Wie etwa das Fragment des Andante Sostenuto, das sich hier als zweiter Satz zum sonst alleine gespielten Allegro B-Dur D 471 von Schubert gesellte. Der langsame Satz bricht nach 39 Takten ab, Schubert ließ das Trio unvollendet. Die blühend frische Leichtigkeit Mozarts und die satten, dramatischen Verdüsterungen in Haydns Manier waren dem erst etwa 19-jährigen Komponisten wohl nicht eigen genug, um der Vollendung wert zu sein. Die vom Deutschen Streichtrio herausgearbeitete überaus reizvolle Originalität dieser vermeintlichen Klassikimitation zeigte allerdings, dass Schubert allzu streng in seinem Selbsturteil war.
Die große Überraschung dürfte für die überaus zahlreichen Konzertbesucher das Trio g-Moll op. 6 aus dem Jahr 1908 von Leó Weiner (1885–1960) gewesen sein. Es ist anzunehmen, dass die wenigsten bisher den Namen des Komponisten jemals gehört haben. Manchmal hat dieses Vergessen durchaus seine Begründung in kompositorischen Mängeln, doch in diesem Fall in keinster Weise: Der ungarische Komponist bekleidete als Kollege von Zoltán Kodály eine Professur an der Budapester Musikakademie, hier wandte er sich vor allem den Kammermusikensembles zu. Sein umfangreiches Werk wurde denn auch von vielen namhaften Interpreten gespielt. Doch seine Verfolgung durch die Nazis aufgrund seiner jüdischen Herkunft dürfte der Grund für Weiners Verschwinden aus den Konzertprogrammen sein. Er gehörte zwar nicht gerade zu den Avantgardisten seiner Zeit, doch sein Trio op. 6 zeigte hier in Tutzing, dass er mit seinen Reminiszenzen an die ungarische Volksmusik zu einem eigenen Stil und zu einer einzigartigen musikalischen Sprache gefunden hatte.
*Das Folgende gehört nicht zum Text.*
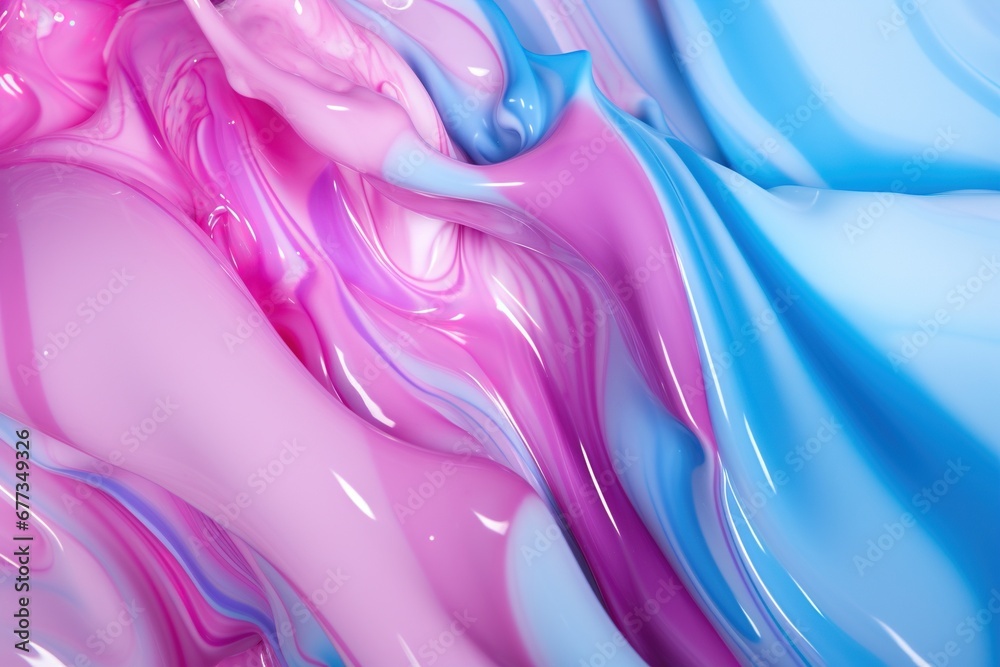 Close-up of a liquid detergent, showing a mesmerizing color gradient - obrazy, fototapety, plakaty 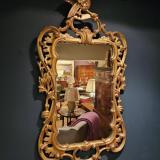 Antique Early Victorian Timber Gilt Mirror at Sturmans Antiques mirror for sale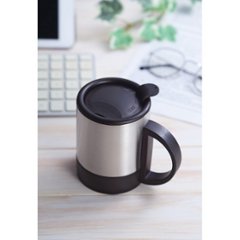 ハイテク　フタ付ステンレスマグ HM-09画像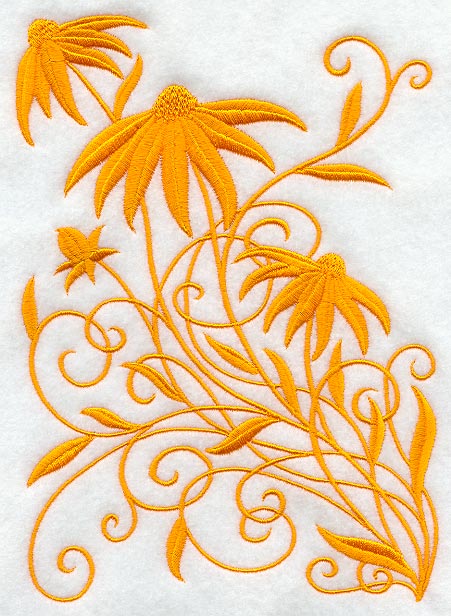 Blooming Black-eyed Susan Swirl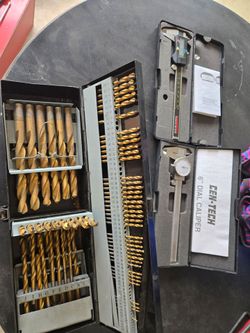 2 CALIPERS Y LA CAJA DE BROCAS.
Schon der kraftvolle Kopfsatz hat als Allegro con brio, das allerdings nach dem Kontrastprinzip schlüssig in zarten Gesang changierte, ungarisches Temperament im Blut. Auch dem schmissig synkopierten Vivace hinterlegten die drei Musiker des Abends einen mitreißenden ungarischen Tanz. Als Scherzo stand dem eine melodiöse Klage im Trio gegenüber. Das Andantino mit einer breit wiegenden Melodie und drei Variationen erwies sich mit seiner ungewöhnlichen Länge und heiteren Melodik als ein dominanter Satz - sozusagen ein Kulminationspunkt, bevor das ungarische Blut wieder in Wallung geriet, um als Allegro con fuoco mit drängendem Pochen einen Schlusspunkt zu setzen. Allerdings auch hier nicht ohne der energischen Ruppigkeit mit einer geschmeidigen Melodik entgegenzutreten. Trotz des ereignisreichen Verlaufs gelang es dem Komponisten, damit das Werk auszubalancieren und zu einer überaus schlüssigen Einheit abzurunden. Nichts wirkte hier konstruiert oder Fehl am Platz.
Ein ungewöhnliches Szenario: Das beliebte Allegretto alla Polacca von Beethoven in vergnügter Leichtigkeit.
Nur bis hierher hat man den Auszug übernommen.